What you have to do: Reproduce the data in full, exactly.

== Source material

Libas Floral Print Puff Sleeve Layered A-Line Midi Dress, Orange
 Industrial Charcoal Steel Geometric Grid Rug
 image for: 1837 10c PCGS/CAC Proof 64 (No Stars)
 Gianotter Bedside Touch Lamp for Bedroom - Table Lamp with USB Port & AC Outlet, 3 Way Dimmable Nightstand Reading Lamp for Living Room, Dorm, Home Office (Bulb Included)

====

Response for this exercise:
Libas Floral Print Puff Sleeve Layered A-Line Midi Dress, Orange
 Industrial Charcoal Steel Geometric Grid Rug
 image for: 1837 10c PCGS/CAC Proof 64 (No Stars)
 Gianotter Bedside Touch Lamp for Bedroom - Table Lamp with USB Port & AC Outlet, 3 Way Dimmable Nightstand Reading Lamp for Living Room, Dorm, Home Office (Bulb Included)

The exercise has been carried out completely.